|Re: Data analysis using multiple countries different survey years [message #3114 is a reply to message #3111]
|Thu, 16 October 2014 22:17
Registered: March 2013
I think the answer here will depend a lot on what is the ultimate aim of your analysis. What is your outcome? Are you looking to identify the effect of some particular covariate across countries, or a whole bunch of determinants of some covariate? Matching as you are describing it is usually used to identify some particular causal effect, but apparently you want to match across countries instead of within them (note: GDP will match perfectly within countries) and match on country-year level covariates? Or are you collapsing these surveys down into one observation?
As for your list:
If you think that MM at age 18 is what matters, women should have a value of the appropriate MM at age 18 for their covariate. If you think the MM the year prior to the survey is what matters, you should include that.

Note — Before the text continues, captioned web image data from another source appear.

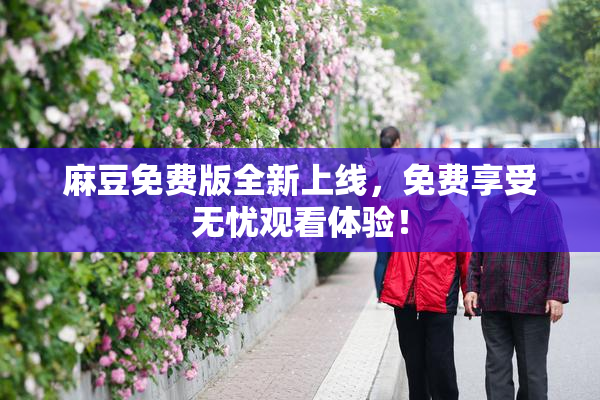 麻豆免费版全新上线，免费享受无忧观看体验！
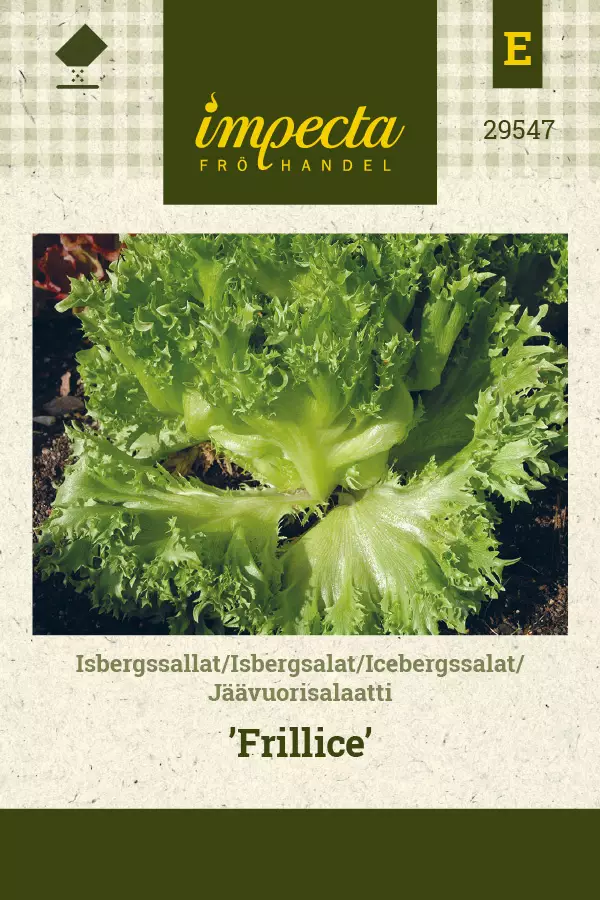 Jäävuorisalaatti Frillice - Vihannesten ja yrttien siemenet - 7332756295472 - 0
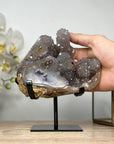 Natural Quartz Clsuter with Unique Stalactite Formation - MWS1889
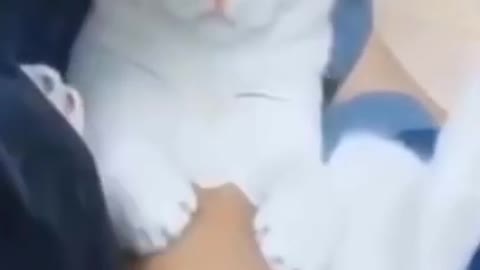 Cute funny cat video 2021➤😂😹One of the cutest cats ever➤➤😂😹It is funny➤➤➤How does it do so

Same with GDP - is it the GDP they faced at 18 that matters (even for a 15 year old?) or is it the GDP they faced last year.
All these will answers will depend on your outcome and your theoretical framework. But regardless of what you are trying to estimate, matching a woman in Ghana in 2007 with a woman in Zambia in 2007 (or 2011, or whenever) sounds like an odd approach.
Some things to definitely look out for:
1 - You will have to re-normalize your survey weights in some way or another. See the discussions in the thread.
2 - Many variables are not comparable across countries, an obvious example being household wealth index which is only country and survey round specific.
3 - You will have to adjust your standard errors to deal with the aggregate variables in your regressions, perhaps clustering on something like age-by-country. Clustering on PSUs will not be sufficiently flexible here.
4 - Anything that varies with age will, in this context, vary with time as well. GDP keeps going up for the most part over time. If there is a general secular trend in your outcome variable over age, this will be artifactually correlated with a secular trend over "year" or "time", and thus you can easily end up with a spurious correlation between your GDP measure and your outcome which is actually a function of age-at-measurement.
Those are a few things to definitely look out for, but I don't think anyone here can provide you with better help on your matching/year problem without understanding what you are trying to estimate and why you think matching is appropriate.